As foreshadowed in our earlier article, the Australian Taxation Office (ATO) has released a draft Practical Compliance Guideline (PCG 2026/D2) addressing the use of Property Development Arrangements (PDAs) involving long-term construction contracts and the potential application of Part IVA (the general anti-avoidance rule).
PCG 2026/D2, issued on 1 April 2026 introduces a proposed risk assessment framework that categorises certain PDAs as either within a low-risk “green zone” or a high-risk “red zone”. PDAs within neither risk zone are likely to ATO engagement to understand their nature.
PCG 2026/D2 plainly targets PDAs that seek to artificially generate tax losses, and the improper use thereof within an economic group, with the ATO’s clear message being that tax outcomes should follow the economic substance of PDAs.
This guidance is a response to concerns articulated in TA 2026/1 regarding contrived PDAs between related parties that artificially separate land ownership and development activities to defer income recognition and exploit tax losses within an economic group.

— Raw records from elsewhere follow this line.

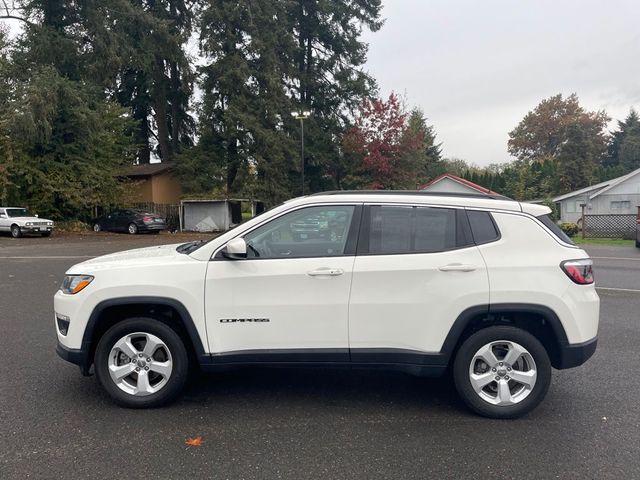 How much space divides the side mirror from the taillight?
245 centimetres

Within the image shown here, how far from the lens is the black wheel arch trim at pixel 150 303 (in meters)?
3.81

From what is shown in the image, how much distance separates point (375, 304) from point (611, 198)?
121ft

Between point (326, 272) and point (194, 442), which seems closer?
point (194, 442)

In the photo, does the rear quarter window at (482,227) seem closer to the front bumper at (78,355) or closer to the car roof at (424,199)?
the car roof at (424,199)

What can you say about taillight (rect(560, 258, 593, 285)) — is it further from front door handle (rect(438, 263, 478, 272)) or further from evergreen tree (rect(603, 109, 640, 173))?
evergreen tree (rect(603, 109, 640, 173))

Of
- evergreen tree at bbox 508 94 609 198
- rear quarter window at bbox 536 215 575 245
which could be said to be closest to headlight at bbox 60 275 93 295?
rear quarter window at bbox 536 215 575 245

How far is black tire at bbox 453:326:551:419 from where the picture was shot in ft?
12.4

It is important to note that the mere existence of deferred payment terms or related-party agreements is not automatically a compliance concern – genuine arm’s-length or one-off PDAs without aggressive tax loss exploitation are unlikely to attract ATO scrutiny.
However, PCG 2026/D2 signals that arrangements designed to secure a tax advantage by delaying income recognition and exploiting resultant tax losses will be closely examined under the lens of Part IVA.
PCG 2026/D2 is proposed to apply both to new and existing PDAs, meaning property developers and landowners should review current and previously used structures against the risk indicia now rather than assume only future deals are impacted.
Below we outline the key points of PCG 2026/D2, including the ATO’s compliance approach, the green zone vs red zone risk criteria, illustrative examples of low-risk and high-risk scenarios, and what these developments mean for property development industry participants.
Typical PDA structure
ATO’s Risk Assessment Framework: Green Zone vs Red Zone
The crux of PCG 2026/D2 is a two-zone risk framework that helps taxpayers self-assess PDAs. Depending on how an arrangement is structured and how income is recognised, the ATO may categorise it as Green (low risk) or Red (high risk), with corresponding compliance responses.
The table below summarises the Green vs Red zone criteria and the ATO’s compliance approach for each:
Property development arrangements that do not fit neatly into either zone may still be reviewed on a case-by-case basis if the ATO identifies risk factors. The guidance seeks to provide clarity that truly low-risk arrangements (green zone) are unlikely to attract significant ATO attention, whereas high-risk (red zone) arrangements will be prime candidates for compliance action, including audits and potential Part IVA enforcement. However, ambiguity remains in respect of PDAs that fall into neither the green zone, nor include all the relevant features to be within the red zone. Accordingly, significant uncertainty remains for the property development sector. Hopefully, further refinements will be made to the draft PCG through the consultation process with industry before the final version is published.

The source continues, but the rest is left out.